Environmental organizations praised the original act as a “gold standard in species at risk legislation” because it regulates activities based on their benefit to species. With habitat degradation and loss as the prevailing causes of wildlife decline in Ontario, regulating development is important to ensure species have large and continuous habitats.

The Ford government’s changes will minimize the Ministry of Natural Resource’s capacity to monitor the cumulative impacts of projects such as housing development, resource extraction and road building, and to plan effectively at regional scales. The legislative changes would give the minister undue flexibility along with the authority to suspend protective actions up to three years for newly listed species at risk.

Under the proposed approach, Ontario would no longer be responsible for species with wide geographic ranges that extend beyond the province’s borders. Instead, the Endangered Species Act would consider the overall condition of a species no matter where it lived.

For example, the Blanding’s turtle is endangered in Ontario but thriving in Nebraska, so an updated Ontario provincial policy would offer the species no protection. It would also ignore the role that ecological corridors play in connecting patches of habitat that have become fragmented.

As well, when new species or habitat protections are added to the Species At Risk Ontario (SARO) list, existing permit-holders would be able to proceed with operations for 12 months before amending their permit. Currently, operations cease under these circumstances. These changes would undermine the act’s integrity by advancing the interests of developers, rather than prioritizing the protection of Ontario’s biodiversity.

The Far North Act goes south

The Far North Act, originally implemented in 2010, provided a mechanism for joint land-use planning processes between First Nations and Ontario. Although the Far North Act faced challenges, the current proposal to repeal the act prioritizes “reducing red-tape and restrictions on important economic development projects.”

It fails to recognize Indigenous jurisdiction and abandons Ontario’s environmental protection and conservation goals, including climate change mitigation strategies, in Ontario’s Far North, which covers 42 per cent of Ontario’s land mass and where 90 per cent of the population are from First Nations.

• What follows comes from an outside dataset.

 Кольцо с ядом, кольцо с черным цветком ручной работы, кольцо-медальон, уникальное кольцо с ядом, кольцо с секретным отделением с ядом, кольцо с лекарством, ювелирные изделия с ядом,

Antiquating the environmental assessment act

Ontario’s Environmental Assessment Act was introduced in 1976. In 2016, the Auditor General of Ontario noted that the province is the only jurisdiction in Canada that does not require environmental assessments for private-sector projects, such as mining or chemical manufacturing, which can have long-term environmental impacts, including impacts on water quality and aquatic ecosystems. The report also highlighted that the cumulative effects of multiple projects are not usually assessed.

Rather than addressing these shortcomings, the Ford government has criticized the act for being “burdensome, discouraging job-creators from coming to Ontario to do business.”

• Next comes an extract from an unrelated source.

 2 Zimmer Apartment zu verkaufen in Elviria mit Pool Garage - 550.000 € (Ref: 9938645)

The proposal to modernize the act aims to streamline the process for developers, exempting low-risk activities from environmental assessments and re-categorizing what activities will be considered low-risk.

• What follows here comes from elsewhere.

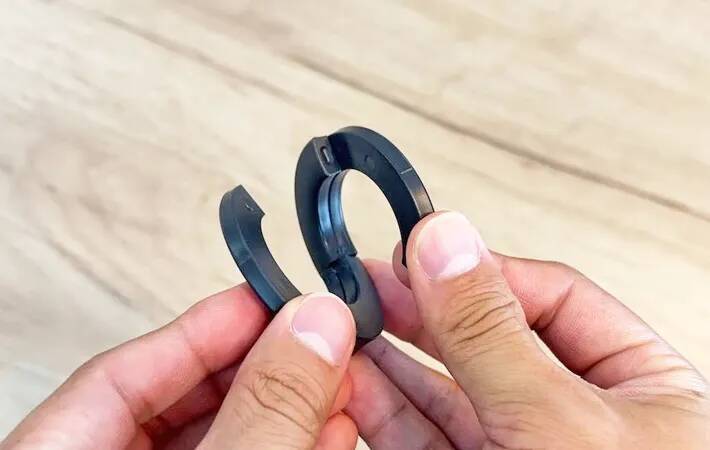 バッグに1つ入れておきたい！　『無印良品』のトラベルS字フックで「ストレスが解消」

For example, the transfer of public land to private ownership is currently categorized as a medium-risk activity, and the proposal suggests this should instead be categorized as low-risk. This would mean public land transfers to private hands would no longer go through a mandatory environmental assessment.

Allowing private projects to slip under the radar of regional planning efforts places the burden of environmental costs and cumulative effects on communities already disproportionately impacted by industrial activities.

Open for risky business

Moving too quickly on major development projects while not acting quickly enough to protect endangered species and ecosystems may instead streamline irreversible consequences.

Amid the clear cutting of this legislative landscape, the general need for increased transparency and public engagement on these matters stands stark.

Ford’s resolve to shift decision-making authority away from First Nations in the Far North and reduce dependence on science-based decision-making subjects environmental protection to political will and political “advisory roles” at arm’s length from conservation.